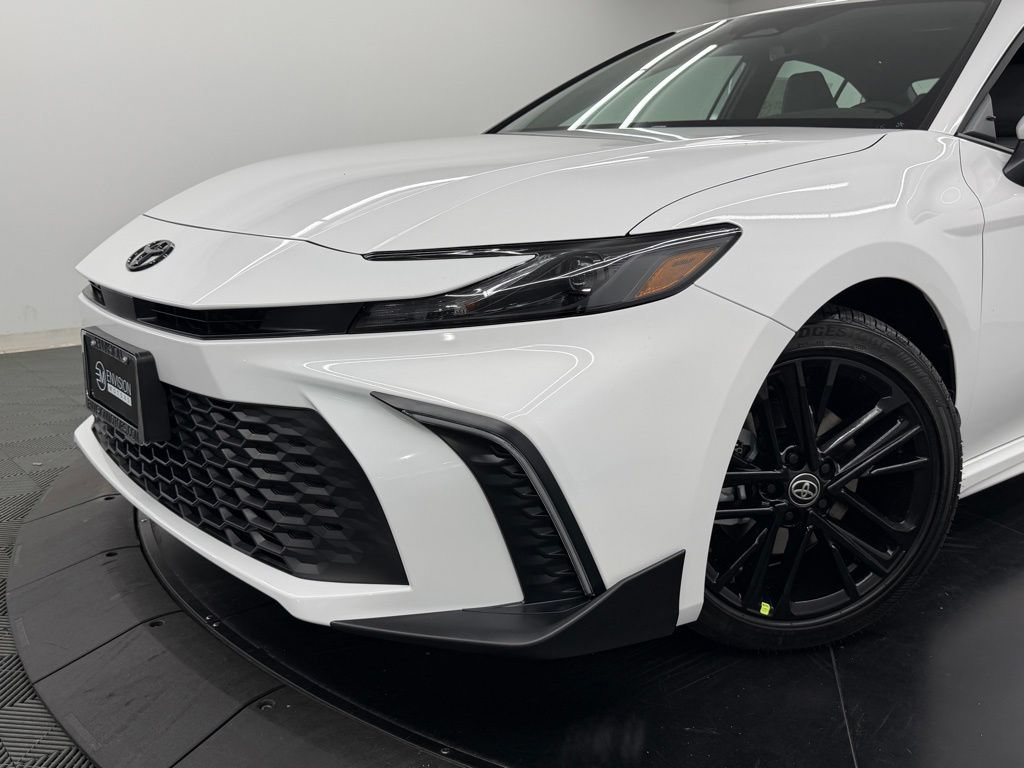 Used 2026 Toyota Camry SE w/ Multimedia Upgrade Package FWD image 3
- - - -
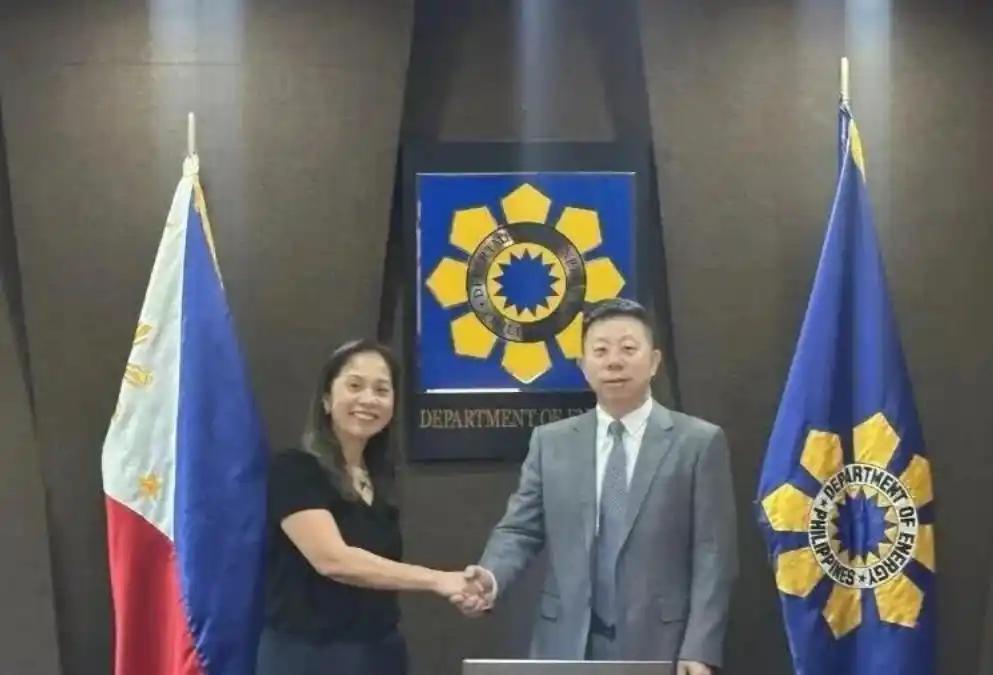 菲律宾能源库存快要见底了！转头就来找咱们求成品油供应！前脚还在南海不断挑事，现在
- - - -
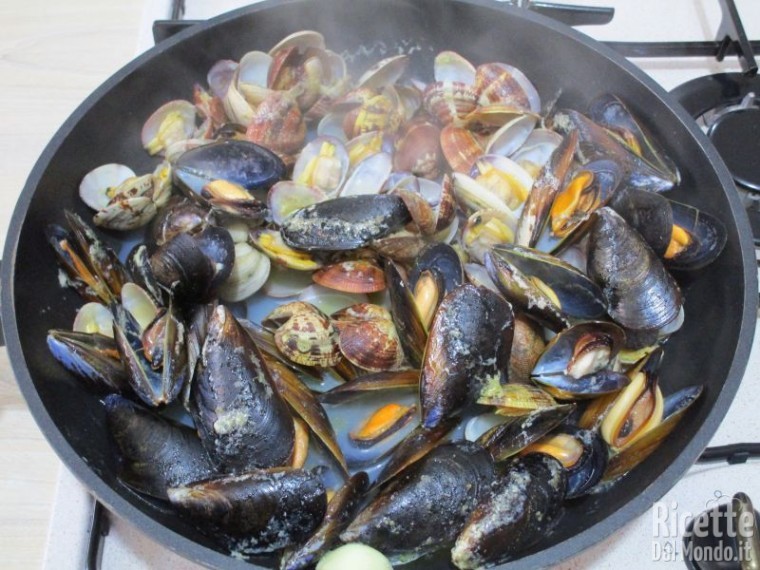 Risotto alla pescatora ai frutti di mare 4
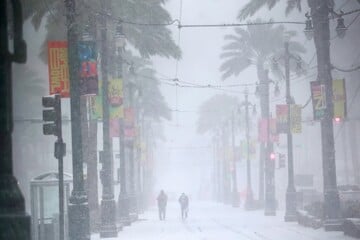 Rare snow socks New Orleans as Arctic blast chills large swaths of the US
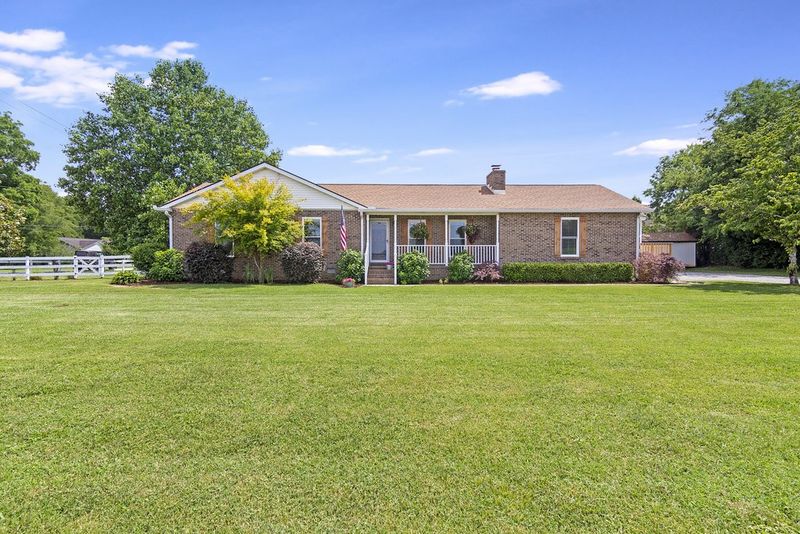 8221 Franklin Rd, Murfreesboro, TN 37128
- - - -
## REQUIRED ACTION
Keep to the lines above from the line with "Risotto alla pescatora ai frutti di mare 4" to the line with "8221 Franklin Rd, Murfreesboro, TN 37128", and set down exactly those, inclusive, with nothing else and every picture left out.

## REPLY
 Risotto alla pescatora ai frutti di mare 4
 Rare snow socks New Orleans as Arctic blast chills large swaths of the US
 8221 Franklin Rd, Murfreesboro, TN 37128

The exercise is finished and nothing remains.